Captured a good one today. Every descent, climb and even hike was good.

fc


----------



## JonnyScotti (Aug 3, 2012)

Great pics everyone!


----------



## KiwiRob (Mar 5, 2012)

Great photos everyone, I hope I can get some good shots next summer and post them.


----------



## taehome (Aug 11, 2009)

Couple pics of child #1.


----------



## Jonesy22 (Mar 21, 2011)

Well just got my son his first real MTB for his birthday/Christmas Present. Bday is Dec 24th lol


----------



## mountainlover (Oct 27, 2012)

My son after a good climb on the wintu trail. He loves to ride even though he has actually outgrown his 20" Diamondback. Ive been looking for a used scott scale jr 24. Anyone know where I can find one?


----------



## wahday (Mar 23, 2012)

Getting ready for the Day of the Tread ride this past weekend. We rode the 26 mile segment. Tons of fun, though pretty chilly at first. My 12 year old son rides an aluminum Felt with 650b wheels. A nice, tight, speedy ride. His school has a multi-sports program which has been great. He rides between 30 and 60 miles a week.

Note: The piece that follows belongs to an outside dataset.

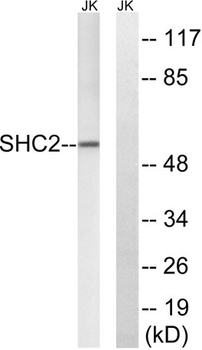 Sck rabbit pAb Antibody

His other ride (an older Novara Arroyo - 90's?) A great CL buy @ $50!









And the whole family


----------



## adamm3 (Mar 26, 2007)

Getting ready to ride the Corral Loop in South Tahoe with the 3 year old for the first time. The 2 year old really wanted to come too, but her flintstone brakes wont cut it on that trail


----------



## indianadave (Apr 27, 2010)

No pics of her on her bike, but here we are at our destination.


----------



## jan_nikolajsen (Oct 28, 2011)

He's 13 here in October 2012 on a bikepacking trip to Beef Basin. Been doing adventures with him since age 6.










2011 24hrs of Moab:










45 day tour of the Rockies in 2009:


----------



## vpc66 (Oct 22, 2012)

Love this tread and can not wait for the time when I can post pictures of my son and his ride...my old riding buddies laugh at me because I do not ride hard and worry about dropping people on a ride...They do not get it...NONE of that compares to riding with your kids.


----------



## cmg (Mar 13, 2012)

Saturday at the pump track










new bike for him at xmas


----------



## roadgamethes (Nov 24, 2012)

yeah, Took the training wheels off my 5 y-o`s bike last week.


----------



## kuan (Oct 18, 2008)

Just got this done last night.


----------



## sachase (Jan 1, 2005)




----------



## xc71 (Dec 24, 2008)

On this ride my son Ty, my wife & myself started in the town of Penticton BC in Western Canada and climbed a huge mountain for 2 hours to reach the Rusty Muffler trail head which had us downhilling for one hour on awesome singletrack. Stopped at a bridge on Marmot trail for a snack.
Not bicycle related but a cool shot of him on his KTM SX 65 from a cross-country race he was in that he won.


----------



## konastu (Mar 13, 2011)

*"Daddy I love Indy Park it Rocks"*

Brenen on Thanksgiving 2012 at Independence Park Marquette Heights Il


----------



## coldbike (Feb 24, 2011)

First day of fatbiking for the 9 year old
http://forums.mtbr.com/attachment.php?attachmentid=746293&stc=1&d=1355932373


----------



## Leopold Porkstacker (Apr 21, 2010)

coldbike said:


> First day of fatbiking for the 9 year old
> https://forums.mtbr.com/attachment.php?attachmentid=746293&stc=1&d=1355932373


Few questions for you:

1) Is that a Mukluk? Cannot really tell from the mega-small framesize
2) How tall is your kid?
3) Is it safe to assume it is the XS (extra small) frame size?
4) Stem length? 0° offset seatpost? Details? Etc.?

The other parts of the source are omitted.